Monique Polak is the author of 32 books for young people and a three-time winner of the Quebec Writers’ Federation Janet Savage Blachford Prize for Children’s and Young Adult Literature (formerly called the QWF Prize for Children’s and YA Literature). Monique taught Creative Writing, Journalism, English Literature, and Humanities at Marianopolis College for 35 years. In addition, Monique has done hundreds of writing workshops for young people across the country. She also works closely with the Blue Metropolis Literary Foundation. Monique was the inaugural CBC-QWF writer in residence. A long-time contributor to ICI Radio-Canada’s literary program Plus on est de fous, plus on lit!, Monique is also a freelance journalist whose work has appeared frequently in the Montreal Gazette. Monique has two new books for young people scheduled for publication, one in 2023 and one in 2024. Monique’s work has been translated into French, Dutch, Korean, and Armenian.
Deb Vanslet

Deb Vanslet is a media artist, videographer, and writer.
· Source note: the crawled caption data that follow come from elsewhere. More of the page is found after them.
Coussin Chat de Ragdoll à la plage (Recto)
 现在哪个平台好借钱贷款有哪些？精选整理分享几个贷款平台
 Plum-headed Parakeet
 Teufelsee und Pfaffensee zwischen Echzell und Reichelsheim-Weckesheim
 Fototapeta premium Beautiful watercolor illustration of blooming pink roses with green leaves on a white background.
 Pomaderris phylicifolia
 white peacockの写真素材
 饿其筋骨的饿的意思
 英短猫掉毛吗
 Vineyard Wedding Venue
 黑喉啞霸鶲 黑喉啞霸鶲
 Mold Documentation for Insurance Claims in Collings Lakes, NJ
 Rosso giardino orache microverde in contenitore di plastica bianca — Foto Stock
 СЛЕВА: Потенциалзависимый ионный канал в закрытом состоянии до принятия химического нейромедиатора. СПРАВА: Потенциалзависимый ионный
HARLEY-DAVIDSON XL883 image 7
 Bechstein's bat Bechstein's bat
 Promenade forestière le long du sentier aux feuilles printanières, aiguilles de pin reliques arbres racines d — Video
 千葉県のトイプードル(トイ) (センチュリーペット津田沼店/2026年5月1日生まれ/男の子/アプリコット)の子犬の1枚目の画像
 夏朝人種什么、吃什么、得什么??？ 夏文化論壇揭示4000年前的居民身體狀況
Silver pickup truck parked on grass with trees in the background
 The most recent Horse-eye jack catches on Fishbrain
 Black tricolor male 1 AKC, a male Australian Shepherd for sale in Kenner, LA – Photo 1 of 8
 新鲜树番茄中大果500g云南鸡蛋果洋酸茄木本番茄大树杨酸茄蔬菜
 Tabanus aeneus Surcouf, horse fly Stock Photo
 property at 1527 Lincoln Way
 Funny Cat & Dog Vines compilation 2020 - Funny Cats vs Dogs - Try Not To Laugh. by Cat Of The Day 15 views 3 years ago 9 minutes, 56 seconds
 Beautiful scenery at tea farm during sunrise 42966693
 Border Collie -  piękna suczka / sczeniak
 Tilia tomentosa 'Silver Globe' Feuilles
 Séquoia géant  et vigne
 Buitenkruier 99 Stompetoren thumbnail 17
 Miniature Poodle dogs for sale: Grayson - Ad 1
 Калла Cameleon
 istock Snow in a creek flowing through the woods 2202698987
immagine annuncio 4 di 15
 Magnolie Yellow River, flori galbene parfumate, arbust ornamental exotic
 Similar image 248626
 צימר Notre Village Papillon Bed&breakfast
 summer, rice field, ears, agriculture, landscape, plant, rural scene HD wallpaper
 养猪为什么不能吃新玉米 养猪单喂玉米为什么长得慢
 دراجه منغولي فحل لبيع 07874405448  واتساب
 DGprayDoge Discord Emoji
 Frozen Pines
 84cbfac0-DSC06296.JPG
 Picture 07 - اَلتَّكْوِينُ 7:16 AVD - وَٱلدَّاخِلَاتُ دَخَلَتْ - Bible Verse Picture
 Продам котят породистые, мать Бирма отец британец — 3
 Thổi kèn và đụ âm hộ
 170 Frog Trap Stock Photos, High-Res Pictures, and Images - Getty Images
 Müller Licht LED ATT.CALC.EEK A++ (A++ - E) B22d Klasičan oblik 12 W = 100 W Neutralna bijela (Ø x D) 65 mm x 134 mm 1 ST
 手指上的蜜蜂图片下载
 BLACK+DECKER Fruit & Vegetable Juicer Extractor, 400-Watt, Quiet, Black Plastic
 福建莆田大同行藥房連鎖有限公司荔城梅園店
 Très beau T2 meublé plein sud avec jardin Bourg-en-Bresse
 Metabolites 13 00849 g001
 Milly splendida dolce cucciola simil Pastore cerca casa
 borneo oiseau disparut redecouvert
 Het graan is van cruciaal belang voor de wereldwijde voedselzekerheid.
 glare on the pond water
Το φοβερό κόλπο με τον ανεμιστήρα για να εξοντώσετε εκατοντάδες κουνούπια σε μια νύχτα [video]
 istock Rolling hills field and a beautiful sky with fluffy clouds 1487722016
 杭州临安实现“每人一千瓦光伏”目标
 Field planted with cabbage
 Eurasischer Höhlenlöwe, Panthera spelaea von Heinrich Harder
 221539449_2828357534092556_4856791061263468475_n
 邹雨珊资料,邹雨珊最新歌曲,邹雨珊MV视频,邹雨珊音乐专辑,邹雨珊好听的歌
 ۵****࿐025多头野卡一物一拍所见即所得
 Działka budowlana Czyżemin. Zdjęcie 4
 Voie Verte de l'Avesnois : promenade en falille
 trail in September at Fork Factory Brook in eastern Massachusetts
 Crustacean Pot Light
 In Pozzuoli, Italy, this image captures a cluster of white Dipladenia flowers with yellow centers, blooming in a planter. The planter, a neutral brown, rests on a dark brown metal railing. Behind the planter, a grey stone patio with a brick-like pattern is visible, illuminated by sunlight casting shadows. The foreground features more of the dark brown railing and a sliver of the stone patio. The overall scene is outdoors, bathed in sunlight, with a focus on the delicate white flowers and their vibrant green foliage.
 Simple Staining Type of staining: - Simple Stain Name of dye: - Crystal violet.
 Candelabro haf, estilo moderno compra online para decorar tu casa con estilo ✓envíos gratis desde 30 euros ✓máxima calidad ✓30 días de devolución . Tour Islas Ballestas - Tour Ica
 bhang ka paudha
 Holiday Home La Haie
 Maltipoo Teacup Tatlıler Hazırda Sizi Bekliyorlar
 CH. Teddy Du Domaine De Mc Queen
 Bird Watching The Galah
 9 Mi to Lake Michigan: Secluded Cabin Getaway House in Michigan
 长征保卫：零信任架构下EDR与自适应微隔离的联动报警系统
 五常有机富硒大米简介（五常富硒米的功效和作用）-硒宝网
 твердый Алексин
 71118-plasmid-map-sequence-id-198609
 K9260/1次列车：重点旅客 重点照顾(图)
Her independent videos, including Sick World, Weather Permitting, and Rules of the Road, explore storytelling, performance, and dance. For sixteen years Deb produced and hosted Dykes on Mykes, at CKUT 90.3 FM. Deb is a producer at Confabulation, Montreal’s live storytelling show. She also produces and hosts the Confabulation podcast. She won the 2015 3Macs carte blanche QWF prize for her short story Self-Serve, and published Ghost Station in the Queer Perspectives edition of The Malahat Review. Deb is the production coordinator at Ada-X, a feminist artist-run centre.
Rahul Varma

Rahul Varma is a playwright and Artistic Director of Teesri Duniya Theatre, which he co-founded in 1981. In 1998, he co-founded the theatre quarterly alt.theatre: cultural diversity and the stage. He writes in both Hindi and English, a language he acquired as an adult. He is a recipient of a Juror’s Award from the Quebec Drama Federation, an award for promoting interculturalism from the Montréal English Critics Circle, a South Asian Theatre Festival Award, and a Montreal English Theatre Award for Equity, Inclusion and Diversity. He was a finalist for the 2019 QWF prize for Playwriting.